A fraca luz à frente parou, e Perrin puxou a rédea bem no meio do que parecia uma antiga ponte de pedra subindo em arco em meio à escuridão total e completa, antiga por conta das fendas nas laterais, dos buracos e crateras rasas que pontilhavam o chão gasto. Ela devia ter aguentado firme por quase três mil anos, mas parecia prestes a desabar. Talvez caísse naquele exato instante.
O cavalo de carga correu atrás de Galope: os animais relincharam uns para os outros e reviraram os olhos, inquietos, para a escuridão ao redor. Perrin sabia como os cavalos se sentiam. A companhia de mais algumas pessoas aliviaria um pouco o peso daquela noite sem fim. Mesmo assim, nem se estivesse sozinho teria se aproximado das lanternas à frente. Não arriscaria repetir o ocorrido na primeira Ilha, logo depois de adentrar o Portal dos Caminhos em Tear. Coçou a barba cacheada, irritado. Não sabia ao certo o que esperar, mas não…

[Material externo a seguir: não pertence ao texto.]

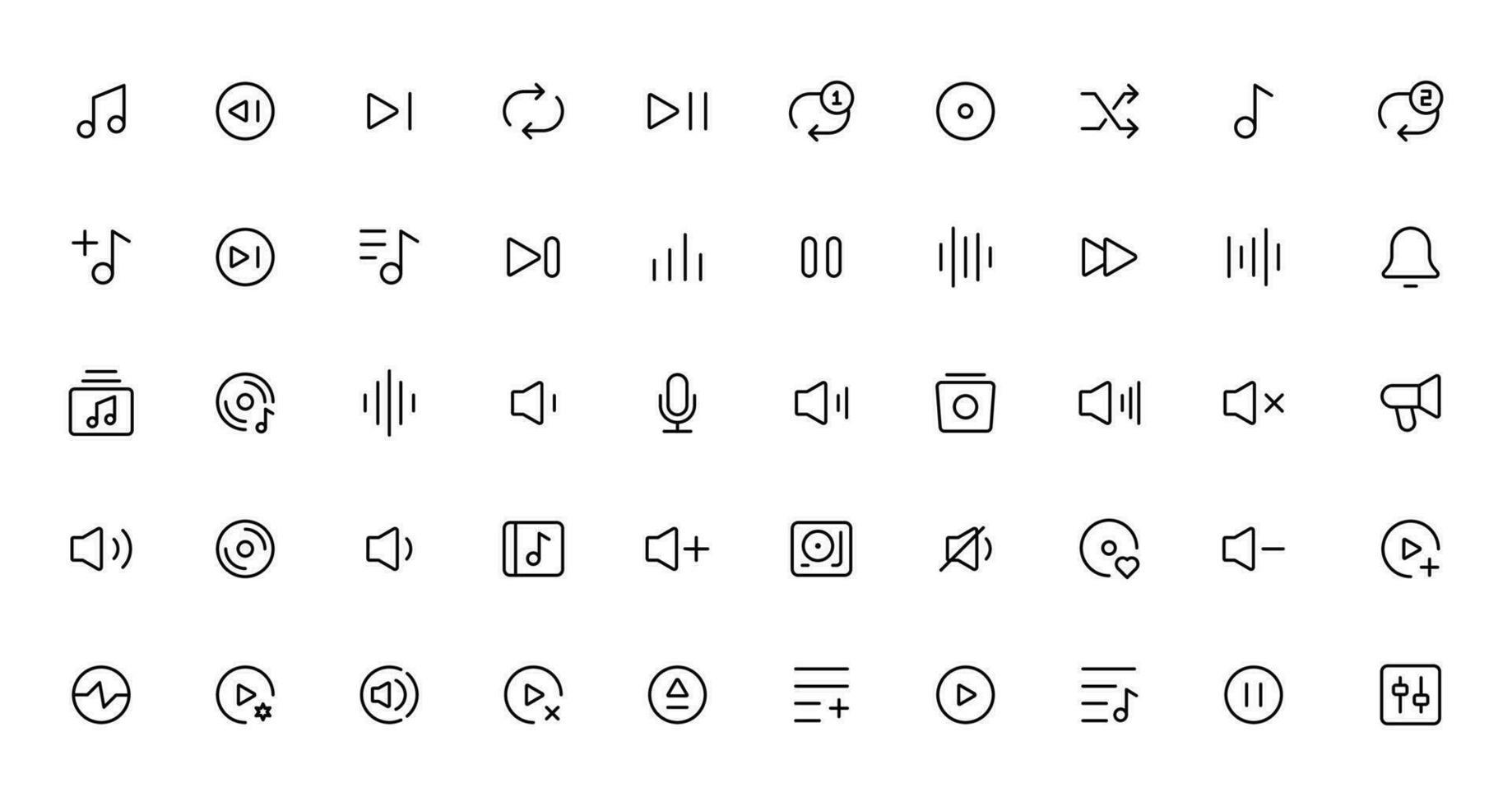 música notas icono colocar, música notas símbolo, música y sonido icono colocar. vector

O lampião pendurado à haste balançou quando ele desceu da sela e conduziu Galope e o cavalo de carga ao Guia, uma tábua alta de pedra branca coberta de riscos prateados que lembravam vagamente vinhas e folhas, todas esburacadas como se tivessem sido corroídas por ácido. Não conseguiu ler, naturalmente — Loial tinha de fazer isso, era uma inscrição Ogier — e depois de um momento ficou caminhando ao redor, analisando a Ilha. Era igual às outras que vira, com um muro de pedras brancas na altura de seu peitoral decorado com um padrão intrincado de curvas e círculos simples encaixados. Aqui e ali, pontes perfuravam o muro, perpassando a escuridão, e rampas sem gradil corriam para cima ou para baixo sem que ele pudesse ver o que as sustentava. Havia rachaduras por todos os lados, buracos desiguais e crateras rasas, como se a pedra estivesse apodrecendo. O movimento dos cavalos produziu um som arranhado de pedra se soltando por baixo dos cascos. Gaul espiou a escuridão sem aparentar aflição, mas, por outro lado, não sabia o que poderia haver por ali. Perrin sabia, e muito bem.

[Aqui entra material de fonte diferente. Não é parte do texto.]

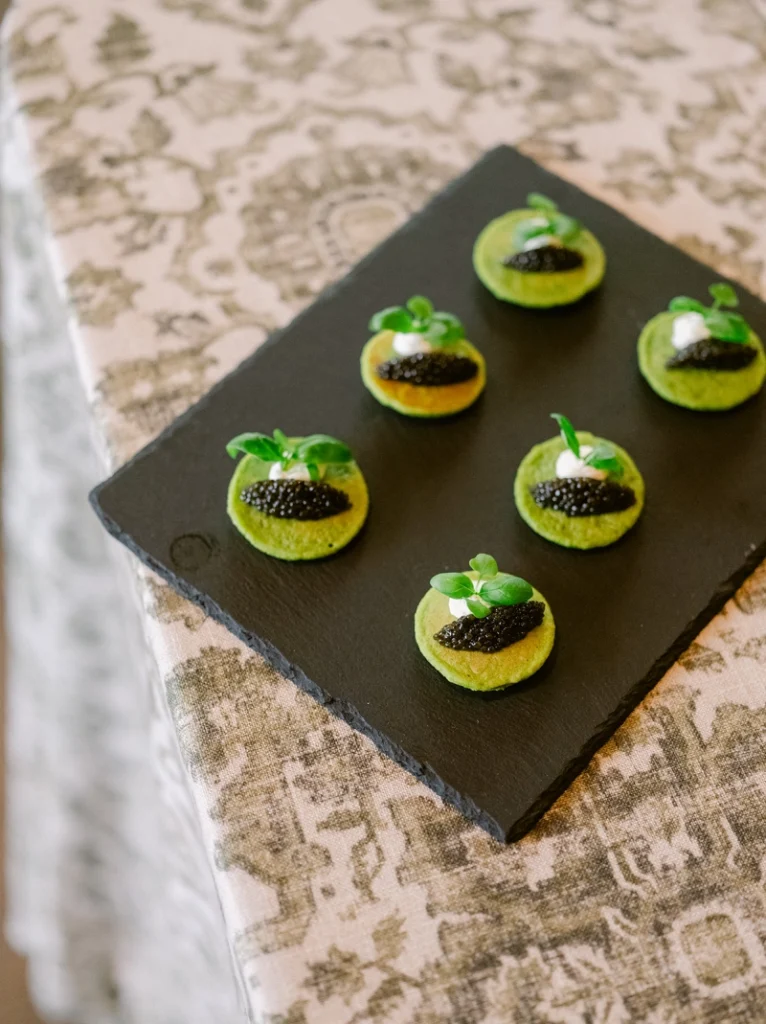 gourmet caviar canapés served - valley girls napa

Quando Loial e as outras chegaram, Faile saltou da égua negra na mesma hora e caminhou a passos firmes até Perrin, os olhos fixos em seu rosto. Ele já estava se arrependendo de tê-la deixado preocupada, mas a mulher não parecia nem um pouco preocupada. Não saberia dizer que expressão havia naquele rosto além de firmeza.
— Decidiu falar direto comigo, em vez de…?
O tapa cheio o fez ver estrelas.
— O que você estava pensando… — Faile praticamente cuspiu as palavras. — Correndo para dentro feito um javali selvagem? Você não tem consideração. Nenhuma!
Ele respirou fundo, bem devagar.
— Já pedi a você para não fazer isso.
Os olhos escuros e oblíquos da moça se arregalaram, como se ele tivesse dito algo enervante. Perrin ainda esfregava o rosto quando o segundo tapa veio pelo outro lado, quase deslocando sua mandíbula. Os Aiel observavam com interesse, e Loial os olhava com as orelhas caídas.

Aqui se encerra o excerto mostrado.